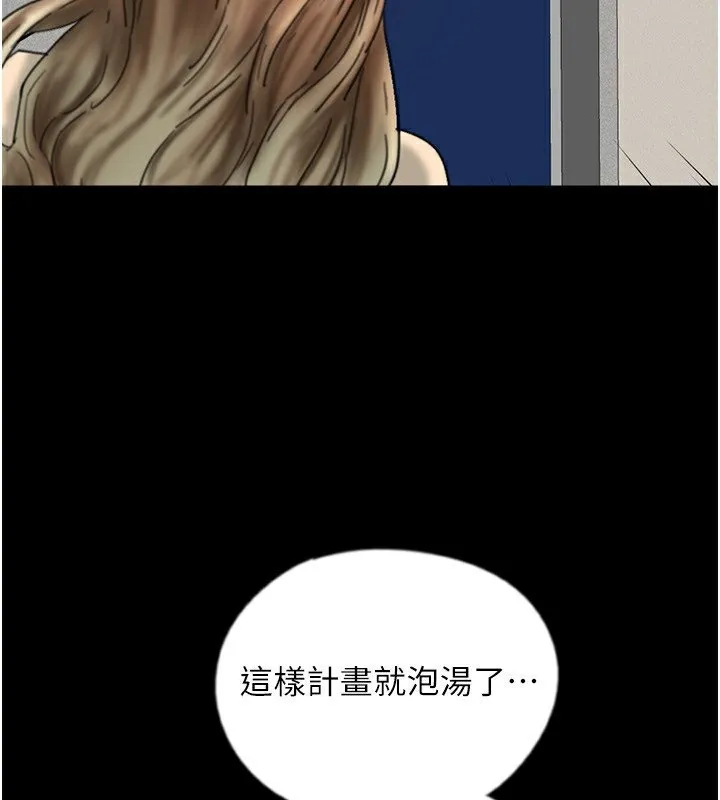养父的女儿们 第54話-我早就知道實情了&hellip; 第101页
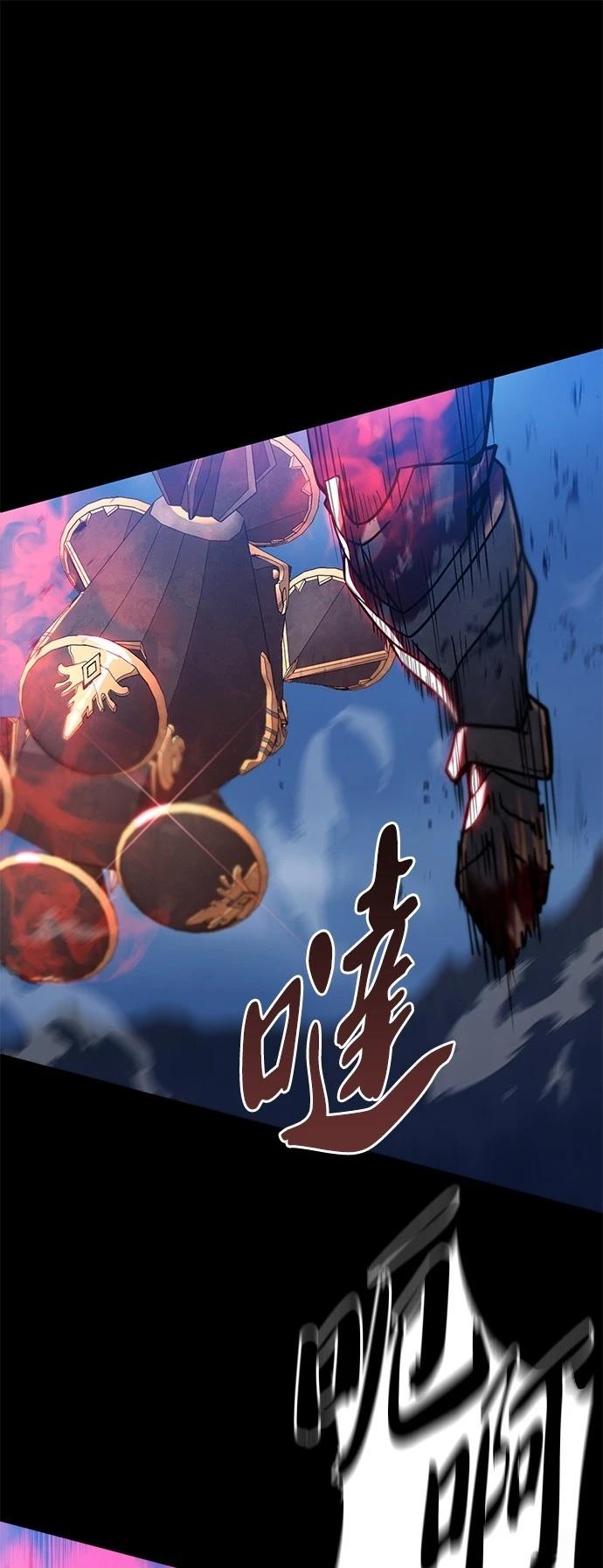 第1话13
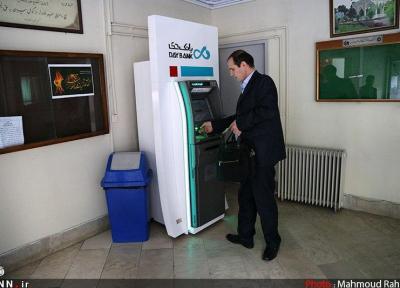 استاندار خراسان جنوبی پیگیر تمکین نکردن بانک ها در تأخیر پرداخت اقساط بانکی گردد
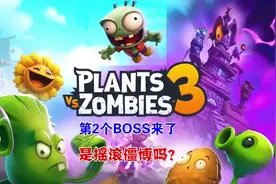 植物大战僵尸3最新3D版，第2次挑战boss，这彩虹boss好像摇滚僵博视频封面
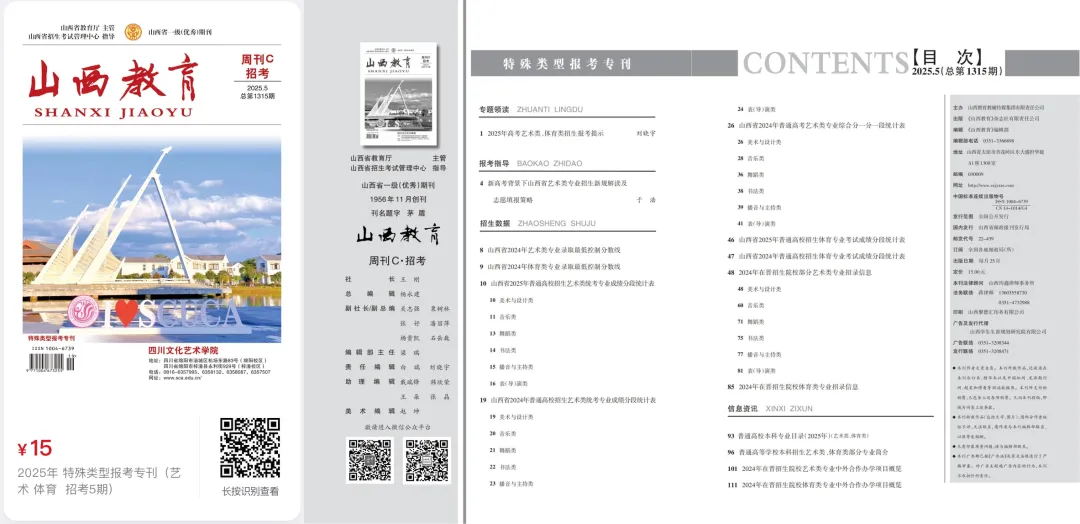 考生必看|2025年高考填报志愿专刊使用指南出炉-第6张图片-四季读书网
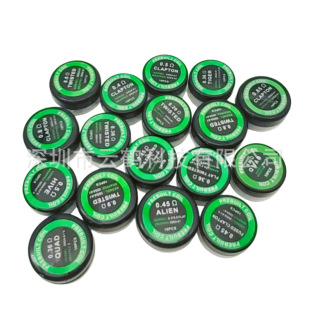 �A���b늰l��zQuad Tiger Mix twisted Flat Mix twisted Alien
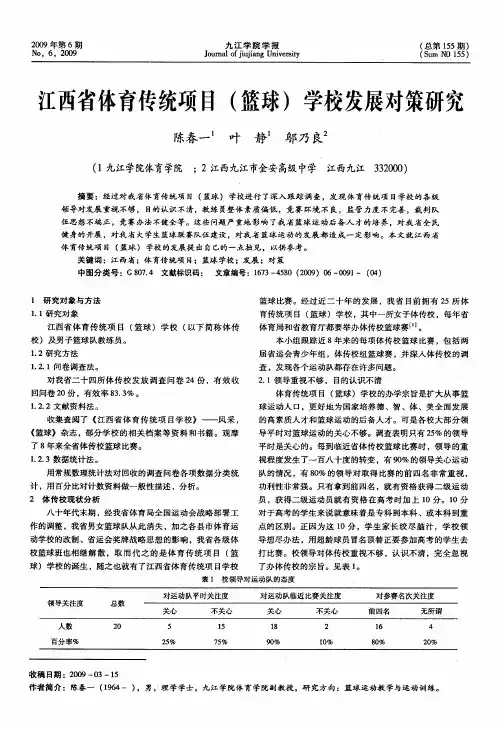 江西省体育传统项目(篮球)学校发展对策研究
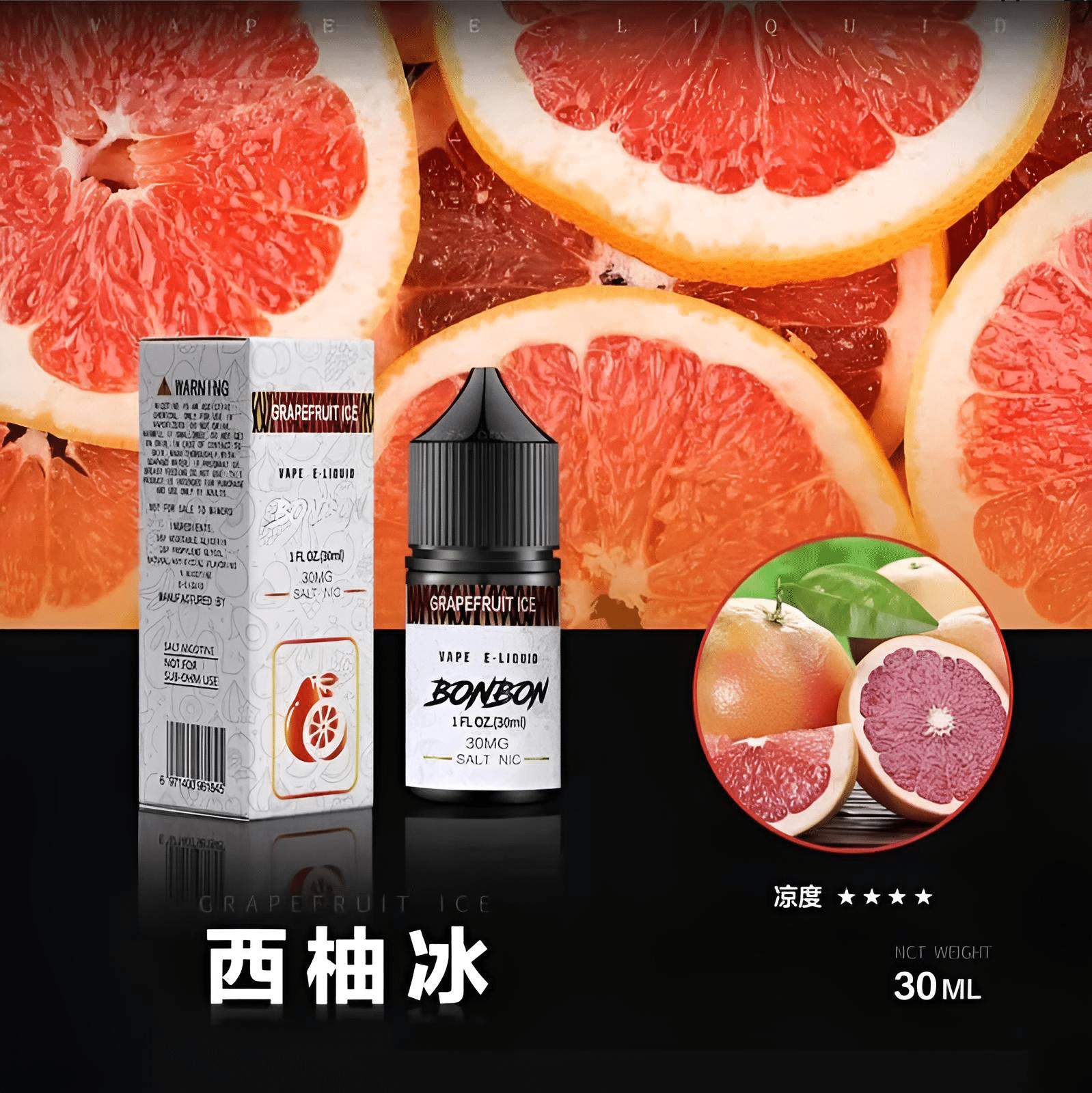 BONBON小煙油 30ml/30mg 美國進口邦邦煙油 台灣電子煙批發 711到付 BONBON小煙油 30ml/30mg 美國進口邦邦煙油 台灣電子煙批發 711到付:圖片 7
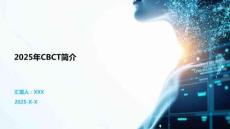 2025年CBCT簡介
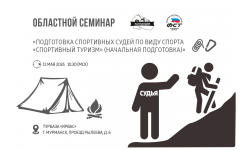 От 16 лет: пройди начальную подготовку спортивных судей по туризму и получи сертификат!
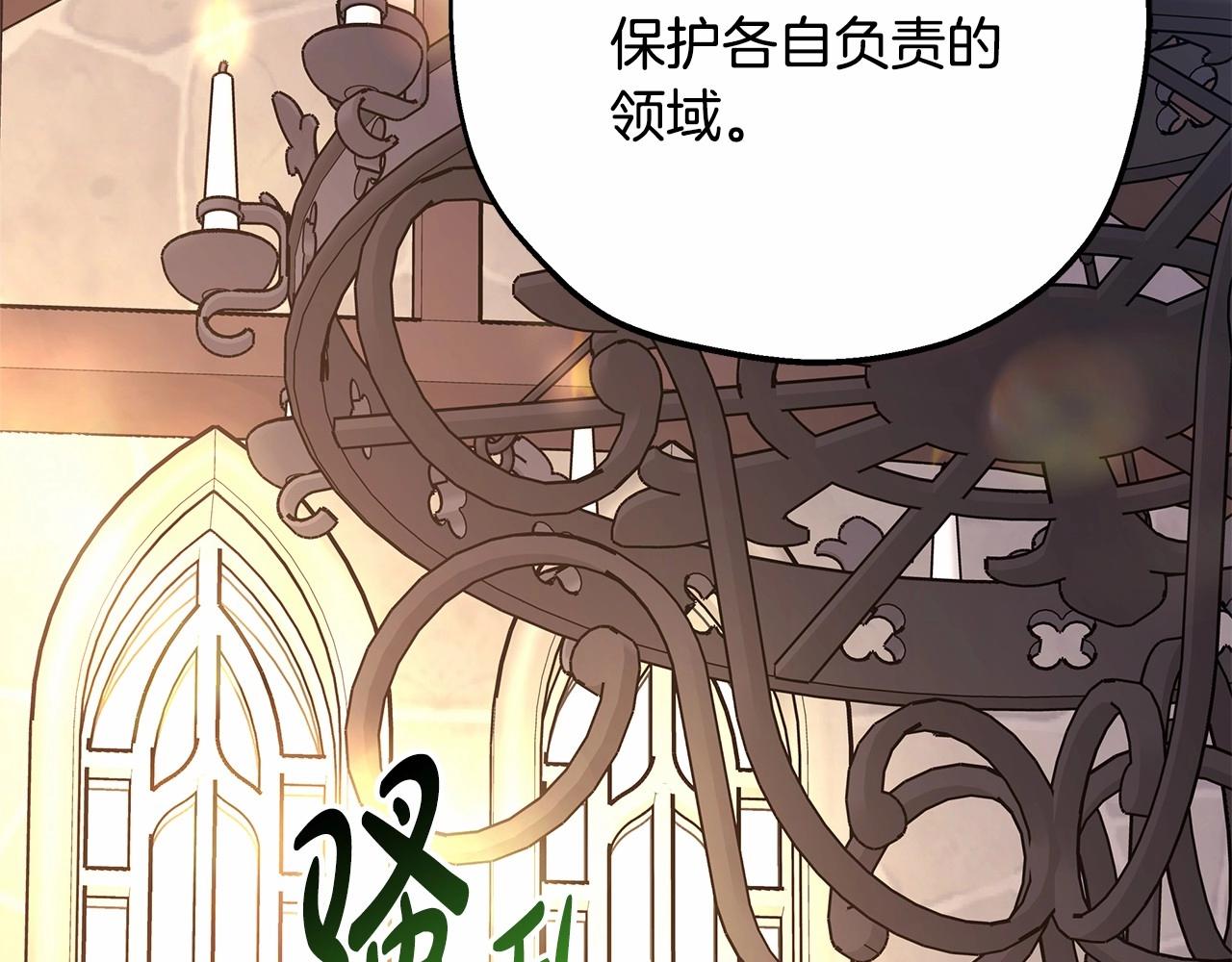第35话 快点生个宝宝吧！~110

—————

→ What the task requires:
Exactly and only the lines from the top of the records down to the line containing "2025年CBCT簡介" should be transcribed, please, without the pictures.

→ Answer for the task:
养父的女儿们 第54話-我早就知道實情了&hellip; 第101页
 第1话13
 استاندار خراسان جنوبی پیگیر تمکین نکردن بانک ها در تأخیر پرداخت اقساط بانکی گردد
 植物大战僵尸3最新3D版，第2次挑战boss，这彩虹boss好像摇滚僵博视频封面
 考生必看|2025年高考填报志愿专刊使用指南出炉-第6张图片-四季读书网
 �A���b늰l��zQuad Tiger Mix twisted Flat Mix twisted Alien
 江西省体育传统项目(篮球)学校发展对策研究
 BONBON小煙油 30ml/30mg 美國進口邦邦煙油 台灣電子煙批發 711到付 BONBON小煙油 30ml/30mg 美國進口邦邦煙油 台灣電子煙批發 711到付:圖片 7
 2025年CBCT簡介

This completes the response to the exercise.